■ BRIEF
From the listing below, copy only the lines running from the line that contains "Charming single Gathering" to the line that contains "Slide: The Image", both included.

■ DATA SHOWN
________________________________________

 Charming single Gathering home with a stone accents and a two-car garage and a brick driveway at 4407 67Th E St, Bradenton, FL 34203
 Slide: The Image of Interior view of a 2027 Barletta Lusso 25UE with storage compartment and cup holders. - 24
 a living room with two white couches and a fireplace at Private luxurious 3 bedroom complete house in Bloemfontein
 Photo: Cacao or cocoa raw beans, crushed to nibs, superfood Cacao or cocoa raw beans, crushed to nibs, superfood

________________________________________

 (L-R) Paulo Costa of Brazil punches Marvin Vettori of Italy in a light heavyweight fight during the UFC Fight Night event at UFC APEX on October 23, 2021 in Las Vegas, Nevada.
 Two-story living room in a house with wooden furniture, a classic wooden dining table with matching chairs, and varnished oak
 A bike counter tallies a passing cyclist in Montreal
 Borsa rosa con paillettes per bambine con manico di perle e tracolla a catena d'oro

________________________________________

■ EXERCISE RESPONSE
 Charming single Gathering home with a stone accents and a two-car garage and a brick driveway at 4407 67Th E St, Bradenton, FL 34203
 Slide: The Image of Interior view of a 2027 Barletta Lusso 25UE with storage compartment and cup holders. - 24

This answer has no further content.